9 Replies Latest reply: Apr 21, 2011 1:03 PM by 524761 RSS

    What causes that HA throws error "local site address has not yet been set"

    776130
      HA works well util we update Berkely DB from 5.0 to 5.1.25.

      But now,we often get the error "local site address has not yet been set".

      Who can tell we what happen?
        • 1. Re: What causes that HA throws error "local site address has not yet been set"
          524761
          That error message comes from the DB_ENV->repmgr_get_local_site() method, which is new in 5.1. The application should only call this method after the local site address has been defined, by calling DB_ENV->repmgr_set_local_site() (or the equivalent entry in the DB_CONFIG file).
          • 2. Re: What causes that HA throws error "local site address has not yet been set"
            524761
            However, if you're using the Java API, it makes this call internally whenever the application calls Environment.getConfig() or Environment.setConfig(); so that's a bug in Berkeley DB. Other than the annoyance of the unwanted error message, it is harmless.
            • 3. Re: What causes that HA throws error "local site address has not yet been set"
              776130
              Dear Alan,

              the application is of C++.

              The error cause that our application can't run.
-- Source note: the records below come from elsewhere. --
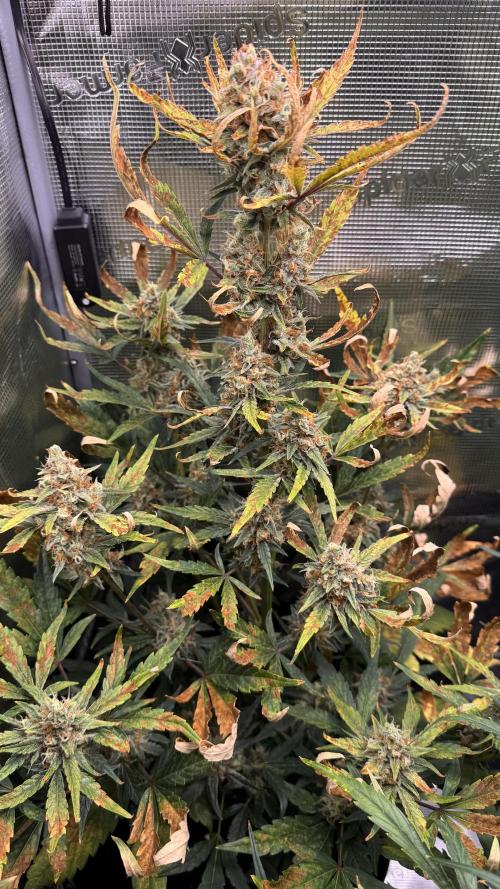 StrawZ Automatic #1. Week 9 - #1
Tag 3 der Woche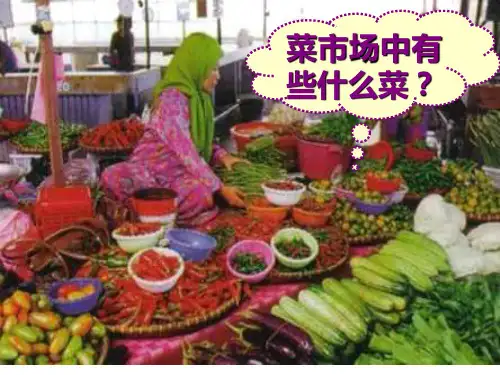 3  菜园里PPT课件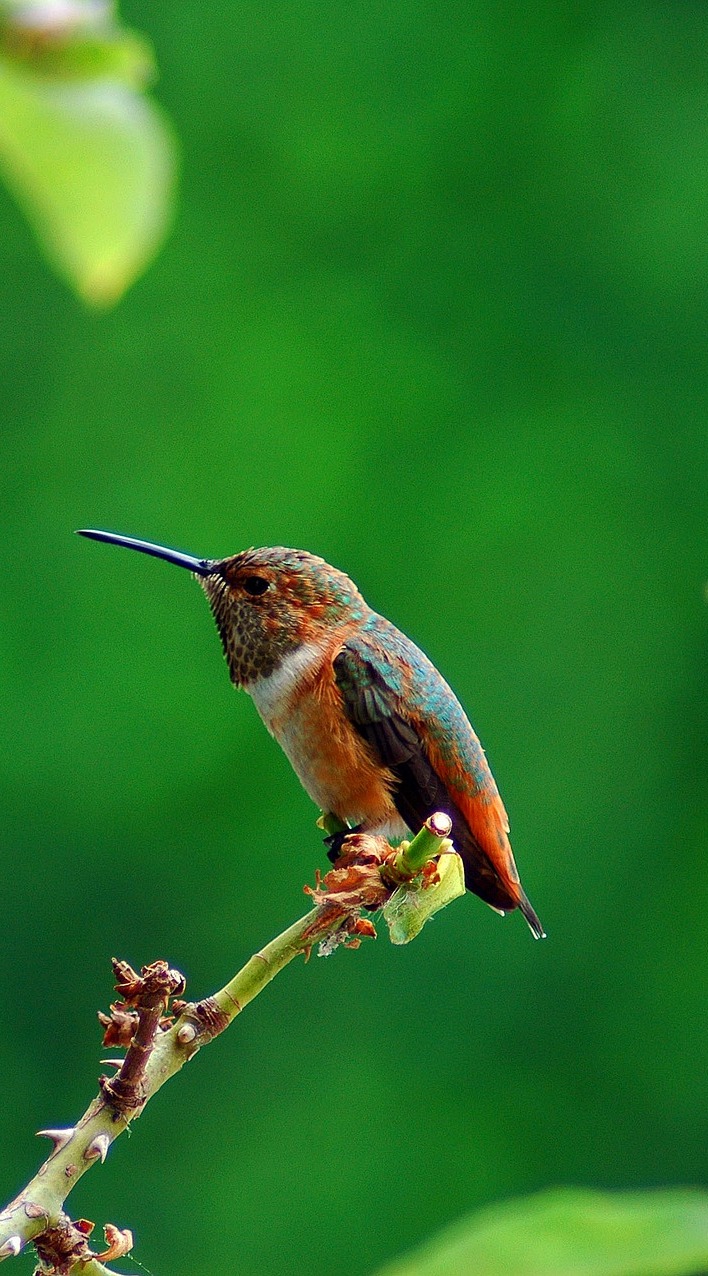 Picture of a beautiful hummingbird.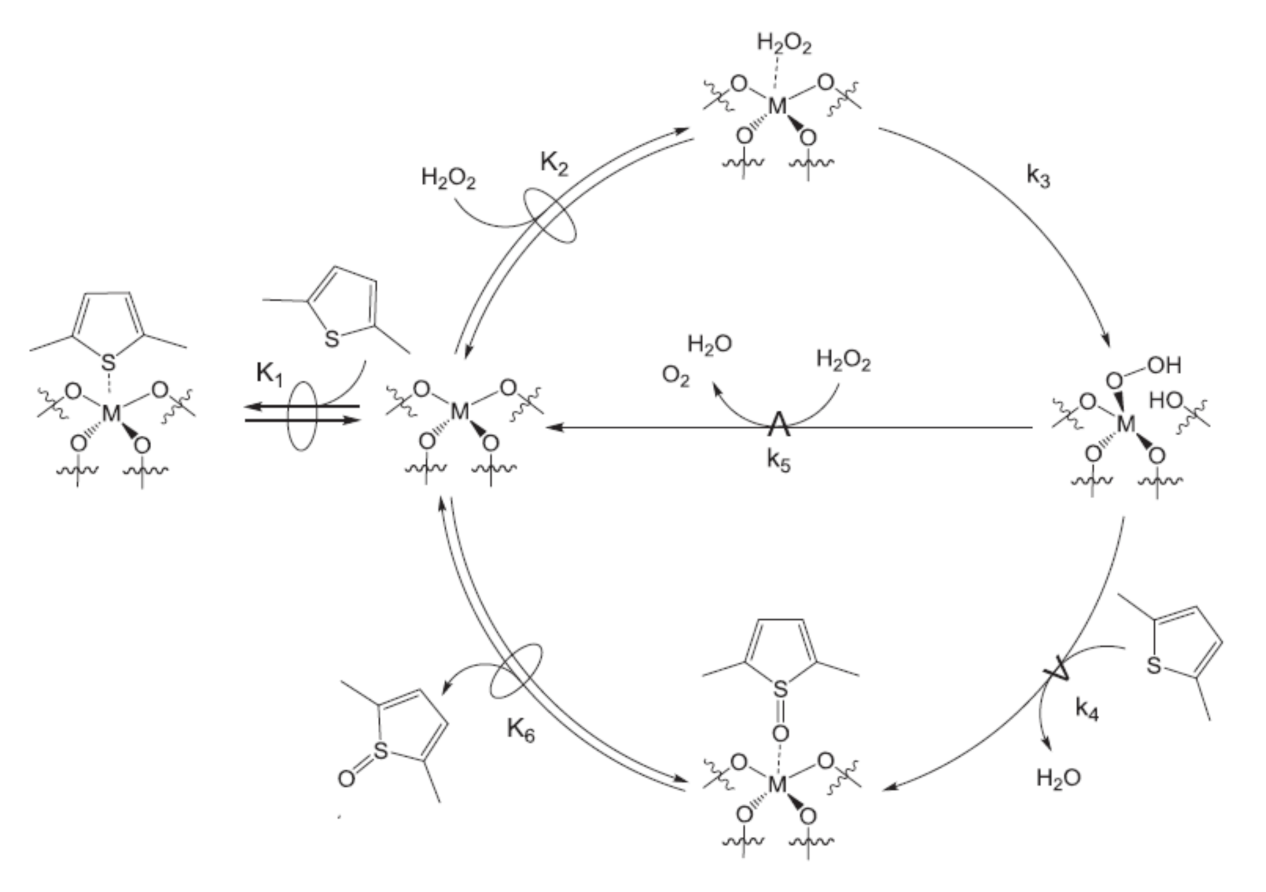 Catalysts 11 00867 sch005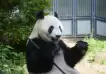 Mundo real: El embarazo de una panda hace subir las acciones de Tokio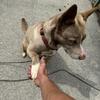 Female husky/pit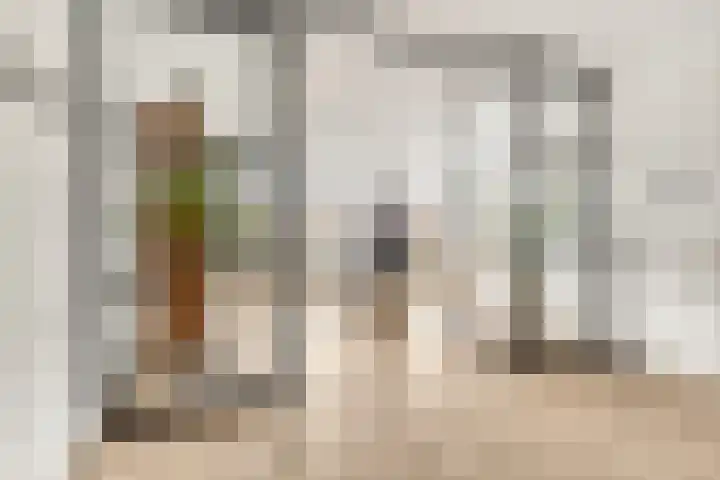 Grote Vos 3 Nijkerk thumbnail 9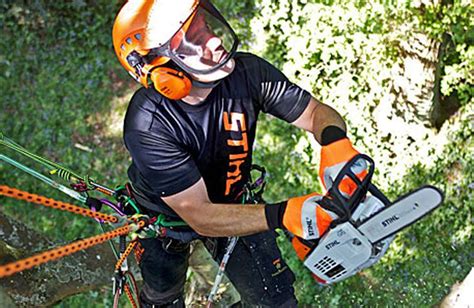 Stihl Ms201tc M 24hp 14 Arborist Chainsaw Medland Sanders And Twose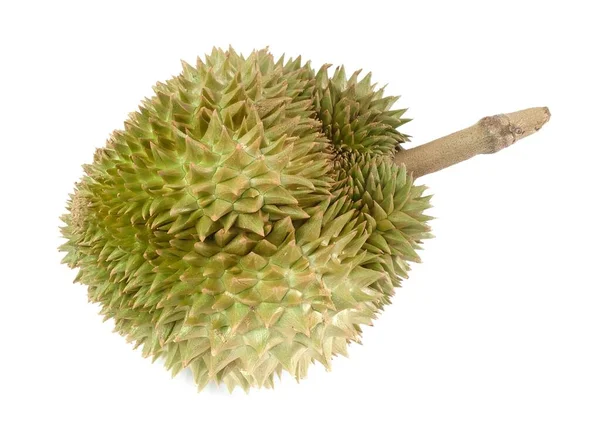 Läckra färska mogna Durian på vit bakgrund — Stockfoto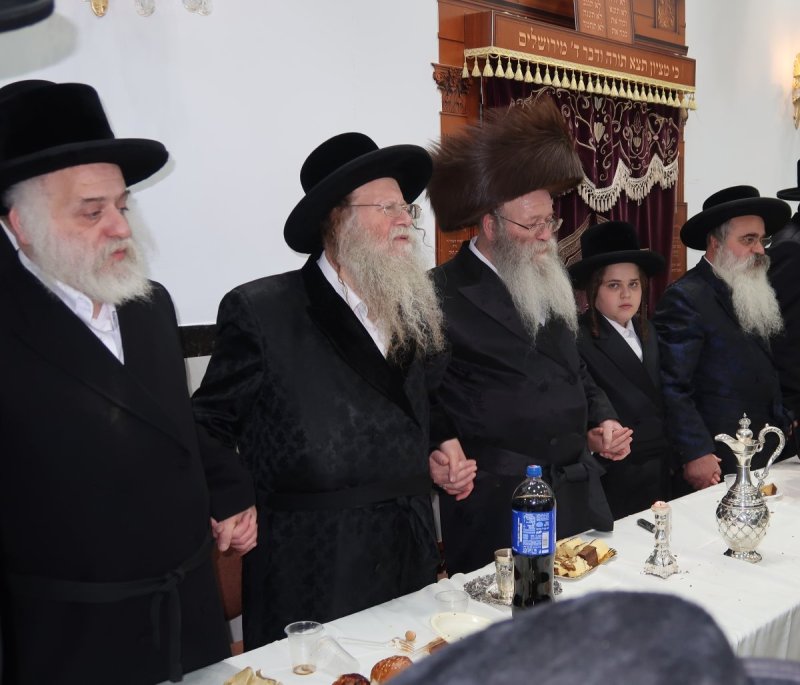 י. פריד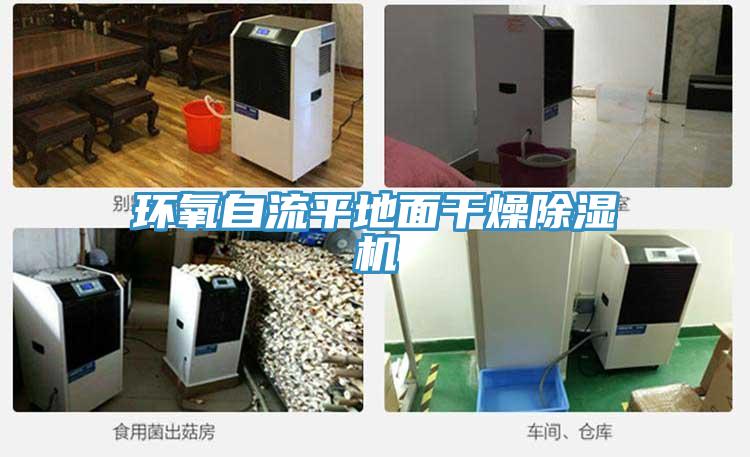 环氧自流平地面干燥免费看操逼软件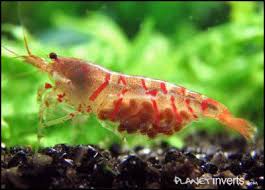 Red Tiger Shrimp Qty 5 Freshwater Aquarium Shrimp Shrimp Tiger Shrimp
Do you have some advice for it?

              Thanks
              • 4. Re: What causes that HA throws error "local site address has not yet been set"
                524761
                Is the application calling DbEnv::repmgr_get_local_site()?
                • 5. Re: What causes that HA throws error "local site address has not yet been set"
                  776130
                  The application nerver invoke explicitly the method get_local_site.

                  But before calling the method set_local_site, what the application does as below.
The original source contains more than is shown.